Activity: Your output should be the lines of the entries below, exactly, from the first one through the line that holds "Бутылка термос из".

== Material for this task

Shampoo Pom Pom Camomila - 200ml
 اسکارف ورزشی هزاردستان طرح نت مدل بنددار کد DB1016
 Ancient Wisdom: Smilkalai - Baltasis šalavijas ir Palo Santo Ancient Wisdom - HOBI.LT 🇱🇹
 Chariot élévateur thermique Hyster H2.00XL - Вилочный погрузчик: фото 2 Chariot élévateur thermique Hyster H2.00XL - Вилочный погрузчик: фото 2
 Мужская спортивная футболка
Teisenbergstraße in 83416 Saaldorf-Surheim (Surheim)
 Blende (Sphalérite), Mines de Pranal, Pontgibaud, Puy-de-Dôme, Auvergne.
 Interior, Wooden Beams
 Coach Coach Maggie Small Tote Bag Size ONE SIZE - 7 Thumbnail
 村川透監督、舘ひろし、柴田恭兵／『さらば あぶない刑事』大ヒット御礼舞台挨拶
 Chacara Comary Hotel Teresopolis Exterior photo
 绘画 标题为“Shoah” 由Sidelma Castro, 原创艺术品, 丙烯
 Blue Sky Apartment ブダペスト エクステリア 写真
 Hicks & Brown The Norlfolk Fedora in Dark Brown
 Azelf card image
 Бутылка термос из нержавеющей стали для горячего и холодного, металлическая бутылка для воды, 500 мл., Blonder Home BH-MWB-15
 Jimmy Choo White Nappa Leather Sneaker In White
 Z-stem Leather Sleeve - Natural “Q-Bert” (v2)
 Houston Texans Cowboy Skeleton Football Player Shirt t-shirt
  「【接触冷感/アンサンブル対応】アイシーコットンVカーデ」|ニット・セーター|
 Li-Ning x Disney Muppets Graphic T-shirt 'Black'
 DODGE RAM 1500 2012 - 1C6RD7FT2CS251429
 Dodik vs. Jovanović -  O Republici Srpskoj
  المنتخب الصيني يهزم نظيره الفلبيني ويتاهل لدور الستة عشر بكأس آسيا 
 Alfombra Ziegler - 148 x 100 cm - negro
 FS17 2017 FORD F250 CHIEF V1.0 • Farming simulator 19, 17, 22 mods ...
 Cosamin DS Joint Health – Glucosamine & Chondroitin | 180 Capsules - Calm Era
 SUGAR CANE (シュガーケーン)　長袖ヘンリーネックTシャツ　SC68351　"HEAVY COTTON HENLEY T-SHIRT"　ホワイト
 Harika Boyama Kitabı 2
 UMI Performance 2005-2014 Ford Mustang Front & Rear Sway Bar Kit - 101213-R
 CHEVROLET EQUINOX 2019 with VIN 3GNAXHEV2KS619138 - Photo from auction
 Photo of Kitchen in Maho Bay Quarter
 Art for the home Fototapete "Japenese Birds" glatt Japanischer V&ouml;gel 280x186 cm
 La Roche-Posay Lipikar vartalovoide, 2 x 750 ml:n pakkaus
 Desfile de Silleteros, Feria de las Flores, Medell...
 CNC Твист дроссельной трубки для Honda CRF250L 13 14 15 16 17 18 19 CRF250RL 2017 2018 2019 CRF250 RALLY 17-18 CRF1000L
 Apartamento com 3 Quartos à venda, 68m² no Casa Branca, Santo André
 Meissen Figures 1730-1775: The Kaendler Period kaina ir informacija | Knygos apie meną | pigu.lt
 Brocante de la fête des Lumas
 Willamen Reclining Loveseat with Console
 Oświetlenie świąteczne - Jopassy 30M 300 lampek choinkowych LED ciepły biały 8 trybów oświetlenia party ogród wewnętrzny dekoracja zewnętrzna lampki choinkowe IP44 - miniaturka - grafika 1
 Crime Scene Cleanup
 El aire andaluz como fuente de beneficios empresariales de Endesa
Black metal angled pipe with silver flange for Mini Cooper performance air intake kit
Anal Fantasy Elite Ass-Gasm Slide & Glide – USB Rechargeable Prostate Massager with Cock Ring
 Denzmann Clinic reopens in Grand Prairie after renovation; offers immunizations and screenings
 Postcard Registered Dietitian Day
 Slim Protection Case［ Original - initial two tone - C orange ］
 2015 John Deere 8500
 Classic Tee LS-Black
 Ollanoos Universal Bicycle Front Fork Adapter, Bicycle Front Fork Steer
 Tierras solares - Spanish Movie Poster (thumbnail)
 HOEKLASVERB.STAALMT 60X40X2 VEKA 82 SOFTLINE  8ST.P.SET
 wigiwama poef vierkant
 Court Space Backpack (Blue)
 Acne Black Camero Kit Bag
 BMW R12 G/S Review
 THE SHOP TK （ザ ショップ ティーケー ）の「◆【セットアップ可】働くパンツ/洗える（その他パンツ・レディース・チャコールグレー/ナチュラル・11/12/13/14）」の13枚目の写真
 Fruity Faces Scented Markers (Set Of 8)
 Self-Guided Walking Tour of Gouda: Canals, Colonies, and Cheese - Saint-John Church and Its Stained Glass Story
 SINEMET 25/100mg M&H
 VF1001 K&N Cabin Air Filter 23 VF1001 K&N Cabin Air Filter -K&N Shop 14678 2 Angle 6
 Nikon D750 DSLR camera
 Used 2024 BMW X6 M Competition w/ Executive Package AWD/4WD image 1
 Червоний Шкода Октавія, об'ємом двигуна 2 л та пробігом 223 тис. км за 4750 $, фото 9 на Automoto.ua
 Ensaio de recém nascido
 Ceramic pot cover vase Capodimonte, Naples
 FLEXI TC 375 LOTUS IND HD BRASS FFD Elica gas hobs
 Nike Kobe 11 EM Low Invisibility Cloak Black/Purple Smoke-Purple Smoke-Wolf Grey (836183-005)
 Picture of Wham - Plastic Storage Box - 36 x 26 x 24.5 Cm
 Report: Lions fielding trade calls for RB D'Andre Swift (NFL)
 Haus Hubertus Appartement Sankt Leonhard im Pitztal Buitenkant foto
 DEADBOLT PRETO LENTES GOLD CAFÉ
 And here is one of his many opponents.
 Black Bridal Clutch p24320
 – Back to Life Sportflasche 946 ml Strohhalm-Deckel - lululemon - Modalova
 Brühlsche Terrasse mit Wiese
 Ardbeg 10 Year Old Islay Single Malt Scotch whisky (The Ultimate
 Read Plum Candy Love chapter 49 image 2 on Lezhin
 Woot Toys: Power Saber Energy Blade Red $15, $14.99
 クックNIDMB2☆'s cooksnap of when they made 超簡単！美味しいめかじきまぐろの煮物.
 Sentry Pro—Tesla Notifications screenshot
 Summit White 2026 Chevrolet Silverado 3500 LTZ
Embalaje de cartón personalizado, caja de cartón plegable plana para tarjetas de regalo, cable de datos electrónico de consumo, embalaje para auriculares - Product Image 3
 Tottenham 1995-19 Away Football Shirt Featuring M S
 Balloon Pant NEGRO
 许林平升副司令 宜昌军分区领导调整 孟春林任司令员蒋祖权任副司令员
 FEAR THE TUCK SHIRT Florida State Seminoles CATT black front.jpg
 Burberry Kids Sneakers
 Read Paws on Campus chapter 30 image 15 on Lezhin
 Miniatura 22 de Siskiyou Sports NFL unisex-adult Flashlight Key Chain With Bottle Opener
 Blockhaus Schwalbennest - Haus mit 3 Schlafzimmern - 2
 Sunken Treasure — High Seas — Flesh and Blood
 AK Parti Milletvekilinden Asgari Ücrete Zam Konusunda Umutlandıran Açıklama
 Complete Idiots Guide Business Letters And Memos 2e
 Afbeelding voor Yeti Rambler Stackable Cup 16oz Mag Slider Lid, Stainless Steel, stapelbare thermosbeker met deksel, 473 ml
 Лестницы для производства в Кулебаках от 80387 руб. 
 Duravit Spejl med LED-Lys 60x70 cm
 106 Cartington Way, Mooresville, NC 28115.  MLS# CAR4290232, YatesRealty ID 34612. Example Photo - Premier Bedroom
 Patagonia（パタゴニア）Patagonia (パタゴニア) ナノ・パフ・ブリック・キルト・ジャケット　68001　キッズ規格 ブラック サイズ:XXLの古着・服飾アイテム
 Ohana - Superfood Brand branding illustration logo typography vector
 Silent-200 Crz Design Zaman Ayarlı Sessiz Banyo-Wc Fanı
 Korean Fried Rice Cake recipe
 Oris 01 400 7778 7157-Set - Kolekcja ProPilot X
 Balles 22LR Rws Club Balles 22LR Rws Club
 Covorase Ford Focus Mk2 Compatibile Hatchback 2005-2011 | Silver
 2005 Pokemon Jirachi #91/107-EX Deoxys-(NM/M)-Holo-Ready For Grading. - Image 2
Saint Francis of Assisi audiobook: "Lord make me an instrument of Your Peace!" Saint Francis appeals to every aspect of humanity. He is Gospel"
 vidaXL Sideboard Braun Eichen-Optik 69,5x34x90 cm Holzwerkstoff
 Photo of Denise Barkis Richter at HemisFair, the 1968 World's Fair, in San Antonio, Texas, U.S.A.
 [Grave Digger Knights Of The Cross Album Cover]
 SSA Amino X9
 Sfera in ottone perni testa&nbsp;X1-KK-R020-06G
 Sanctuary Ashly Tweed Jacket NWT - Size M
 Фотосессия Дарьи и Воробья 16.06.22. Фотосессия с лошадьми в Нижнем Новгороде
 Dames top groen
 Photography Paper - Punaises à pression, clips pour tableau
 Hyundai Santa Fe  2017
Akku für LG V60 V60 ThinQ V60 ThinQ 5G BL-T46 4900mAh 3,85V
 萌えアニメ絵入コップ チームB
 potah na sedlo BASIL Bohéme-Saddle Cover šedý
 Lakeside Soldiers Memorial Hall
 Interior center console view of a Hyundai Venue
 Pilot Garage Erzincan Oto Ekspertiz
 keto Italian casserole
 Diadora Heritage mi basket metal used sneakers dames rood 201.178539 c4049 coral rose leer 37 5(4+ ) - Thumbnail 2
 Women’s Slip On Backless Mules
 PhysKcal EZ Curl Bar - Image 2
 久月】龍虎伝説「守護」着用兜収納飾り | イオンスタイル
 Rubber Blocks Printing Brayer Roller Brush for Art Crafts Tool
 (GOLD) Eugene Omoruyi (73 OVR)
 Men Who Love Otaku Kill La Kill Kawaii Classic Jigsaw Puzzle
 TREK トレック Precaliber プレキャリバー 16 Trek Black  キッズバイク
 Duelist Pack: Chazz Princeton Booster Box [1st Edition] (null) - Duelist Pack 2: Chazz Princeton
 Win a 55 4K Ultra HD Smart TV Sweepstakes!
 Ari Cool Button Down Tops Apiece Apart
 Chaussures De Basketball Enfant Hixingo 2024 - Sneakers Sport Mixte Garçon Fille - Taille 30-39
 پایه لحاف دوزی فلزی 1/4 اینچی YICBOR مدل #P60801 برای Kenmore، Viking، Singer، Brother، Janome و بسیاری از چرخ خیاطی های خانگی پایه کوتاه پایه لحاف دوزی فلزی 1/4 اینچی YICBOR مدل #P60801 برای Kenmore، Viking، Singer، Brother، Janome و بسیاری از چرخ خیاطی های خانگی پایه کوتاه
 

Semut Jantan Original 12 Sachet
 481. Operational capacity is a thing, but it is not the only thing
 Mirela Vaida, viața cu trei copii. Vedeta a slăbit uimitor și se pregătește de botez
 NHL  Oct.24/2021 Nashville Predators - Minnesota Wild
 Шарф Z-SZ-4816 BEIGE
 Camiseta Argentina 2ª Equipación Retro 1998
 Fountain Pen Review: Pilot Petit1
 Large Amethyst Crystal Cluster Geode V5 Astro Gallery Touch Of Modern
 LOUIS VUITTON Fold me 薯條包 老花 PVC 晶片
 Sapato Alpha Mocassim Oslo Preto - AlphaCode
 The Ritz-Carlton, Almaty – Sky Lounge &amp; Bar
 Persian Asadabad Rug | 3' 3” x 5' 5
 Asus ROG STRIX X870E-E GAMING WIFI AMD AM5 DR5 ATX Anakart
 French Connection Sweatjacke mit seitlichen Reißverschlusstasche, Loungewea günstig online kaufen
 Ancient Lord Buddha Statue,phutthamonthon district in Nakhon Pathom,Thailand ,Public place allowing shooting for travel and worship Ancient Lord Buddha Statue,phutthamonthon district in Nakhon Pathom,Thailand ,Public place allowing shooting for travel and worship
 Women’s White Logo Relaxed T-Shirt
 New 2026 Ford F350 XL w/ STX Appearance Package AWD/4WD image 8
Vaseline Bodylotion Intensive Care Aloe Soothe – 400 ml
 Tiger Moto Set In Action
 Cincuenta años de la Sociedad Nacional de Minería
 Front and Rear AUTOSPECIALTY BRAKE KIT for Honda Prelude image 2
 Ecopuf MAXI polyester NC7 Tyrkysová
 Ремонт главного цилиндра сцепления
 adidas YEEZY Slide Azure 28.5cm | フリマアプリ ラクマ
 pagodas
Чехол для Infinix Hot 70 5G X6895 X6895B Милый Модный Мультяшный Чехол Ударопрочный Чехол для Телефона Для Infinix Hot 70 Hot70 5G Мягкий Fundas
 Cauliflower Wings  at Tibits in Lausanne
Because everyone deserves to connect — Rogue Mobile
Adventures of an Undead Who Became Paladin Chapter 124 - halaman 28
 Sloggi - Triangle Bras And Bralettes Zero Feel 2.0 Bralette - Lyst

====

Solution for this problem:
Shampoo Pom Pom Camomila - 200ml
 اسکارف ورزشی هزاردستان طرح نت مدل بنددار کد DB1016
 Ancient Wisdom: Smilkalai - Baltasis šalavijas ir Palo Santo Ancient Wisdom - HOBI.LT 🇱🇹
 Chariot élévateur thermique Hyster H2.00XL - Вилочный погрузчик: фото 2 Chariot élévateur thermique Hyster H2.00XL - Вилочный погрузчик: фото 2
 Мужская спортивная футболка
Teisenbergstraße in 83416 Saaldorf-Surheim (Surheim)
 Blende (Sphalérite), Mines de Pranal, Pontgibaud, Puy-de-Dôme, Auvergne.
 Interior, Wooden Beams
 Coach Coach Maggie Small Tote Bag Size ONE SIZE - 7 Thumbnail
 村川透監督、舘ひろし、柴田恭兵／『さらば あぶない刑事』大ヒット御礼舞台挨拶
 Chacara Comary Hotel Teresopolis Exterior photo
 绘画 标题为“Shoah” 由Sidelma Castro, 原创艺术品, 丙烯
 Blue Sky Apartment ブダペスト エクステリア 写真
 Hicks & Brown The Norlfolk Fedora in Dark Brown
 Azelf card image
 Бутылка термос из нержавеющей стали для горячего и холодного, металлическая бутылка для воды, 500 мл., Blonder Home BH-MWB-15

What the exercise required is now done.